Examinons la connaissance du troisième genre. L’exemple est celui de la suite des nombres 1, 2, 3, dont il faut trouver le quatrième proportionnel. Le premier genre de connaissance consiste à appliquer une règle reçue par ouï-dire : 3×2 :1=6. Dans le deuxième genre, on connaîtra le théorème d’Euclide qui démontre déductivement cette règle. Dans le troisième genre de connaissance, nous saisissons immédiatement le rapport entre b et a et nous comprendrons que x est 6, sans opération ni déduction. L’exemple est curieux : il signifie que nous saisissons les rapports de nombre en une même intuition ; autrement dit : nous saisissons la loi de la série. L’Ethique donne plusieurs indications sur cette clarté supérieure de la connaissance du troisième genre. Elle ne donne pas seulement des notions universelles, celle des rapports entre les essences ; elle nous permet de reconnaître dans les réalités singulières, la manière dont la nature s’y exprime. Le troisième genre de connaissance est donc la reconnaissance de la vie même de Dieu dans le mode, de Dieu dans sa singularité même. Et c’est ici que le parallélisme trouve sa signification éthique car la plus grande activité, liberté, joie, se trouve dans la compréhension des choses dans le troisième genre.

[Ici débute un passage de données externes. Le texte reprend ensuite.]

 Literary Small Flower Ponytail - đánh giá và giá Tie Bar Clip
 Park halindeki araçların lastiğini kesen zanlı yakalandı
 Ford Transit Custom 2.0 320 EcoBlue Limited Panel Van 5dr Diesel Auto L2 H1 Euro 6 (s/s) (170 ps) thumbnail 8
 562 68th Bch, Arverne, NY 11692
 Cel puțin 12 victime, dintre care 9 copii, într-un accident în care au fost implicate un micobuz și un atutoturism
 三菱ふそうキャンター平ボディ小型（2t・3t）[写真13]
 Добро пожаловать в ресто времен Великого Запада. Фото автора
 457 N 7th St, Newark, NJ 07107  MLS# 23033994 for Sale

Il s’agit de reconnaître à l’individualité son fondement en raison : il s’agit de la soustraire à l’explication externe, mécaniste. A propos des corps dans la Deuxième Partie, Spinoza concilie un point de vue mécaniste dans lequel c’est l’association des individus qui forme un individu supérieur (exemple : notre corps) mais une autre inspiration se montre quand il s’agit de comprendre ce que peut le corps, qui fait intervenir une unité qui n’est pas un résultat : la naturation, l’individuation. Et là, nous ne pouvons recourir à l’explication mécaniste, le corps. Il exprime en lui la nature comme vie, comme processus d’unification. La connaissance du troisième genre est une sagesse en tant qu’elle sait reconnaître dans l’individualité humaine la présence de cette vie qu’est Dieu. On comprend alors pourquoi le Court Traité précède à peine l’Ethique, effectue un travail sur les concepts d’entendement humain et divin et montre que la seule possibilité de l’entendement humain de comprendre quelque chose est de s’affirmer comme immanent à l’entendement divin ; et réciproquement, il faudra procéder à la critique radicale de la notion de transcendance, de création, de néant, de manque. Le Court Traité prépare à travers l’immanence la possibilité de l’union à Dieu.